# Measurement Of Angular Surface



## Swerdk (Aug 19, 2015)

toms techniques website give a chart for measuring a angled surface with a cylindrical rod. I cant figure out how i would use this in machining?  How do i apply it to making wedge inserts for phase II for instance. Am i off?


----------



## Holescreek (Aug 19, 2015)

I use both ball bearings and cylindrical rods (gauge pins) to measure angle placement very often.  One example would be making the female dovetail for a tool holder for a quick change tool post.  You cut the dovetail with an dovetail cutter so how do you determine when the two angles are far enough apart without taking it out of the mill?  You put a dowel pin into each side and measure the width between them calculated from the tangencies. Basically, you use it whenever there are angled surfaces involved and their placement is critical.  I use CAD to get my dimensions though, it's faster for me than looking up the math equation.  You can also use the ball bearings for machining cones to depth. (think heavy chamfers around the tops of holes).


----------



## Swerdk (Aug 19, 2015)

When doing the calculation, between which two points are you measuring distance- am i still in left field. I need a good video i think


Sent from my iPhone using Tapatalk


----------



## Holescreek (Aug 19, 2015)

Here's an example of a milling job I did recently where I needed to hold the depth of a machined surface relative to a hole that could not be reached for measurement.  In this case I used a tooling ball which has a base to provide known height and a shaft to locate the hole.


----------



## ronzo (Aug 19, 2015)

That is the standard and accepted method for angular measurement as for dovetails etc. I don't have my Machinery's Handbook handy right now but I'll bet it would give you a more understandable illustration.

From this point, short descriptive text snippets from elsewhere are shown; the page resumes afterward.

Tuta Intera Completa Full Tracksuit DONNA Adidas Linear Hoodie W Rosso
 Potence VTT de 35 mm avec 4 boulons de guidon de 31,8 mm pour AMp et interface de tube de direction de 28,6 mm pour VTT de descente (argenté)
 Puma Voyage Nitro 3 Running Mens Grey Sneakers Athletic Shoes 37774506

Sent from my iPad using Tapatalk


----------



## Swerdk (Aug 19, 2015)

I am looking through 20th ed. And am not finding it. They must be calling it something else


Sent from my iPhone using Tapatalk


----------



## chips&more (Aug 19, 2015)

If you mean making a tool holder with the dovetail? I would use a premade cutter with the proper angle. And use two reference dowel pins and a dial caliper should be good enough to measure the dovetail opening. You will need to trig out the number, using the dowel diameter and angle…Dave.


----------



## Tony Wells (Aug 19, 2015)

Copy an existing toolholder if you have one. Choose pins that contact approximately halfway up the angled surface. The pins, if you have a set of gage pins, can be 0.0010 apart, not that it makes any practical difference. If you use off the shelf dowel pins you should be safe.


----------



## Swerdk (Aug 19, 2015)

This is theory to me right now as i get the equipment in two weeks.   I will be trying it 


Sent from my iPhone using Tapatalk


----------



## RJSakowski (Aug 19, 2015)

Swerdk said:


> toms techniques website give a chart for measuring a angled surface with a cylindrical rod. I cant figure out how i would use this in machining?  How do i apply it to making wedge inserts for phase II for instance. Am i off?

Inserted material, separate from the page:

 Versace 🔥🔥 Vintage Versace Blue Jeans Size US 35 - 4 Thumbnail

I have used ball bearings to specify/measure conical depressions, dowel pin pairs to measure taper angles and dovetail slot widths, and a similar device to the drawing for finding virtual edges.

However, I am not sure how this would be implemented either.  The radius r is known, 1/2 the cylinder diameter.  You can measure m, assuming the surface is perpendicular to vertical in the drawing.  You need to know one more variable; either CH, CL or A.  Measuring CH requires being able to locate the edge between the vertical and the taper, something that is hard to do accurately.  Measuring CL requires locating the edge between the horizontal and the taper, again something that is hard to do accurately.  You are presumably trying to find A.   It is possible to determine the angle with a second cylinder of different size but because of the small difference I would not expect a high degree of accuracy.

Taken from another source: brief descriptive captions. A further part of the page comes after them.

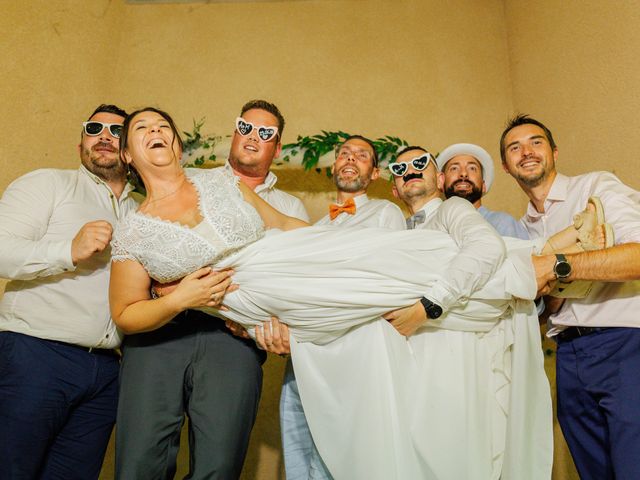 Le mariage de Malvina et Aurelien à Savenès, Tarn-et-Garonne 44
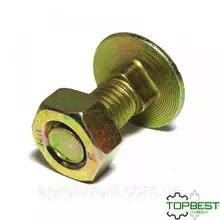 216401.0 Болт м10х25 напівпотайний без гайки 8.8 (502511, 783735.0, 03M7191, 03M7017, 03M7307) Claas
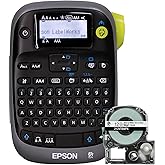 LABELWORKS Epson LW-PX300 Industrial Label Maker for Office – Compatible with Stickers, Magnets, and Shrink Tube, Portable Handheld Design, Label Maker and Tape Only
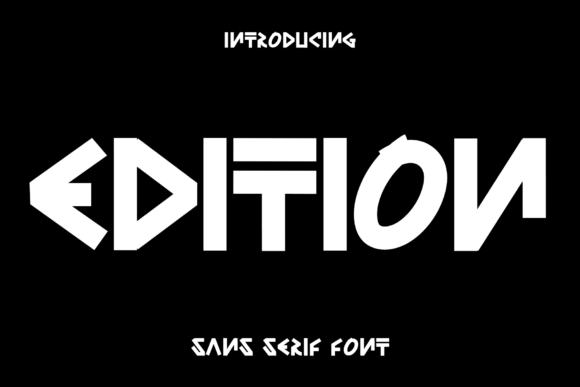 Edition Font - Featured Image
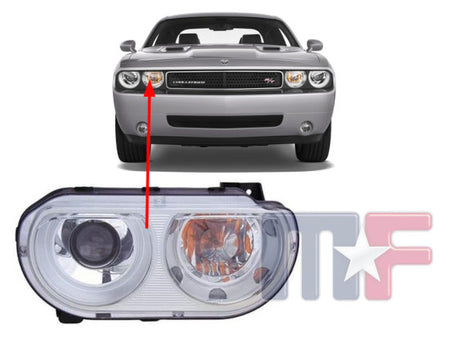 Scheinwerfer Xenon rechts Dodge Challenger 08-14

If you are trying to measure a dovetail slot as in a QC tool holder, it can be fully characterized by measurements with two sets of different diameter dowel pins.  The two smaller dowel pins are laid in the opposite corners of the dovetail and the distance between them measured.  Then the two larger dowel pins are laid in the corners and distance between them measured.  The angle and the distance across the base of the dovetail can then be calculated with geometry and trigonometry.  As Holescreek suggests, it is easier to use a CAD program to determine the unknown values.  I measured my Shars tool holder using a pair of .250 and a pair of .3745 pins and drew up a CAD drawing based on the measurements.  The circled dimensions are measured values.  As you can see, the the dovetail angle anddovetail base width are both determined from the measurements made.

Bob


----------



## Swerdk (Aug 20, 2015)

Thank you its starting to make sense


----------



## ronzo (Aug 20, 2015)

This method produces a practical and meaningful dimension bearing in mind that measurements as the 1.697 in Bob's drawing and the resultant width of the opening can only be considered as theoretical or reference dimensions.


Sent from my iPad using Tapatalk


----------



## Swerdk (Aug 20, 2015)

It makes sense now. I found a video from tubal cain tip number 75.  if you want to see what you all have been saying in action watch it


----------



## RJSakowski (Aug 20, 2015)

ronzo said:


> This method produces a practical and meaningful dimension bearing in mind that measurements as the 1.697 in Bob's drawing and the resultant width of the opening can only be considered as theoretical or reference dimensions.


There is a caution in that the base surface must be flat.  If it is not, both the angle and base width measurement will be incorrect. 

Bob


----------